Monday, December 12, 2005

Autumn Leaves and Resurrection



It's already December, but in Memphis, some days still have very much a fall feeling to them. And every fall, the piercing blue skies, crisp air, and turning leaves take me back to my freshman year of college.


Fall had always been my favorite season, and on this particular day I was sitting with one of my favorite people, my piano teacher from high school.


The year was not going well. The rigors of a music major, three part-time jobs, my own deep well of insecurity, and too many nights of too little sleep, had led me into a very dark place.


At the time I hated that the world outside was so beautiful and that I was unable to enjoy it or even to appreciate it. I was living behind the invisible wall of an anxious depression, and I hated being so vulnerable to its attacks.

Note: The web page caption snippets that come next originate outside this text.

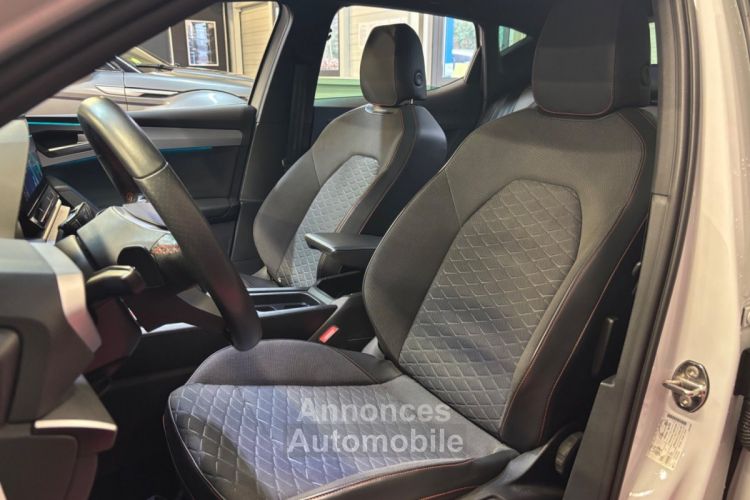 Seat Leon 2.0 TDI 150 DSG7 FR - Entretien Complet - Apple CarPlay- Park Assist - <small></small> 21.990 € <small>TTC</small> - #11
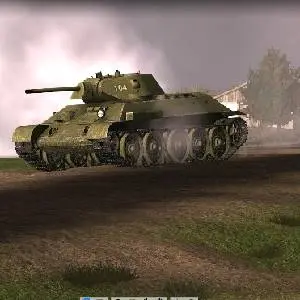 Graviteam Tactics: Mius-Front - Carro Armato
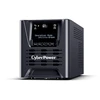 CyberPower LCD linijinis-interaktyvusis UPS 750 VA / 750 W bokštas, PFC, AVR, GreenPower, , integruota debesų sąsaja, USB, Smart-Slot, linijinis-interaktyvusis, 0,75 kVA, 750 W, gryna sinusinė, 160 V, 286 V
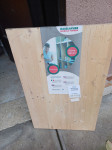 Daska za ormar ili policu 18x800x500 mm novo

My teacher knew me well. She knew I had been behind this wall before. She knew that she couldn't "fix" me. She listened to me, she loved me, and she shared something that returns to me every fall.

As we sat there in her car behind the science building, leaves on the trees around us were partly colorful and partly still green. The reason leaves are green, she reminded me, is that they have chlorophyll in them. The chlorophyll is there only for as long as the leaves need it to get the tree through that summer season of its life. It is temporary.

When fall comes, the chlorophyll has served its purpose and is no longer needed. As it drains out of the leaves, only then do we see the leaves’ true colors. The vibrant reds, yellows, oranges, and even the cozy browns reveal the real leaf that has been forming over the past season as it interacted with sun, rain, wind—and, yes, with the chlorophyll, too.

“I like to think,” my teacher said, “that in heaven we will be like the autumn leaves. Our true colors, our real selves, will finally be revealed. All the things of earth that had to be a part this season of life won’t be part of us anymore. Only the truest part of us will remain.”

It wasn’t exactly a science lesson, so I’m sure the analogy breaks down at some points. But the message never has left me:

Someday His light will reveal the person He created me to be.

Not the one so colored by my current trials, temperament and troubles.

Someday I will see who I was meant to be.

About fifteen years later, I sat on another campus, this time in a theology classroom, and listened as another teacher painted a picture of hope.

As he put it, when the new heaven and new earth are revealed, we will no longer need the blood, food, water, air and whatever else we depend on for earthly life. We will be completely sustained by the Spirit of God.

God will be not only the light that shines on us, but the food that nourishes us, the water that we drink, the very stuff of which we are made. Somehow, He will completely fill us and at the same time make us completely the individual people He created us to be.

Of course the truth is that He is already doing the work, just as the leaves grow and produce sugars and whatever else they do all summer long. We just can’t always see them, filled with “chlorophyll” as we are.

But someday we will see who we were meant to be.

A few weeks ago as my husband and I drove down country roads in the Ozark mountains, stunned by the dazzling glory of light and leaves, I wondered how anything could be more beautiful.

If God can turn an earthly forest into such a display of His glory, how glorious will it be when He fills our very selves with Himself? And lets us see our own and each others’ true colors?

Because then we will see Him as He is.

And because He Is Who He Is, we will--at last!--be who we are.

3 comments:

Lawrence Underwood said...

What a beautiful picture of our blessed hope! Thank you. And, yes, I've been reading :) I also need to spend some time in my 'green chair' - although it is camoflauged.

RPorche said...

Great thoughts, Sheila. Thank you for sharing.

Lisa said...

As a Narnia fan, your words reminded me of Aslan's cry "Further up and further in!" I loved Lewis' depiction in The Last Battle. The new earth was everything good and familiar about Narnia, but "more real and without any of the darkness."

Oh, Sister, thank you for sharing your thoughts with us!